Z reguły tak bywa, że dobrze zaplanowana wycieczka udaje się w 90%. tak też było z naszą wyprawą. To nic, że lało jak z cebra, to nic, że brnęliśmy w błocie po kolana, to nic, że wiał halny, bo dla prawdziwych turystów nie ma przeszkód, których by nie można pokonać. Ponadto wszyscy zachęceni byli postawę pana profesora Władysława Żebraka, który niczym czołg wychodził cało nawet z największego bagna. 
Jako, że posiadaliśmy oryginalny błotny kamuflaż, to mogliśmy z powodzeniem obserwować górską przyrodę, która roztaczała przed nami swe wdzięki.
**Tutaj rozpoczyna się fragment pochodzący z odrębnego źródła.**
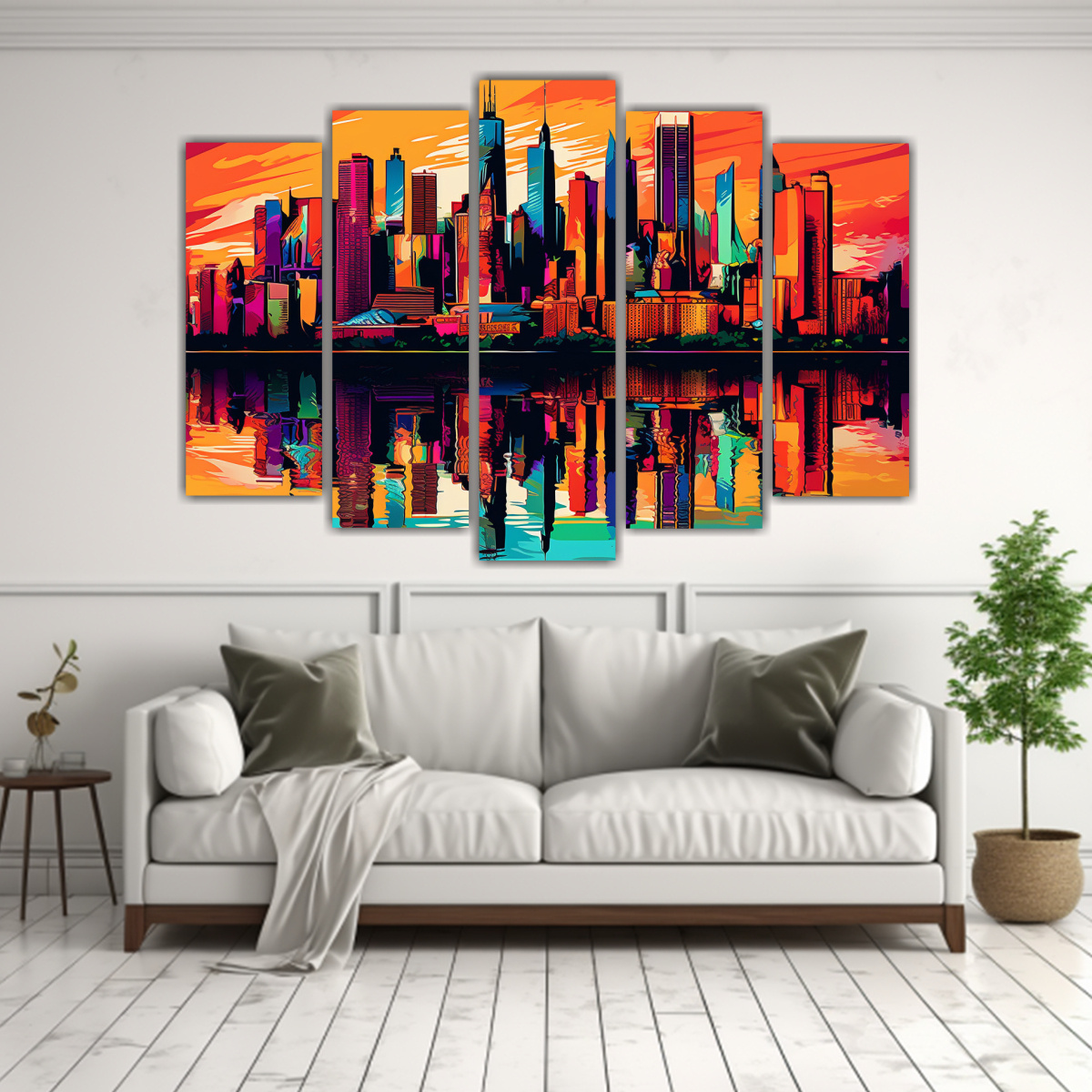 PINTURAS DECORATIVAS JUVENILES MOVIMIENTO 225X150 CM - 2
Chciałbym jeszcze dodać, że spotkaliśmy się z niezwykle miłym przyjęciem ze strony tamtejszych niedźwiedzi, które chyba już znudzone samotnością zaprosiły nas na obiad. Niestety nie skorzystaliśmy z posiłku domyślając się co, a raczej kto będzie na nim głównym daniem.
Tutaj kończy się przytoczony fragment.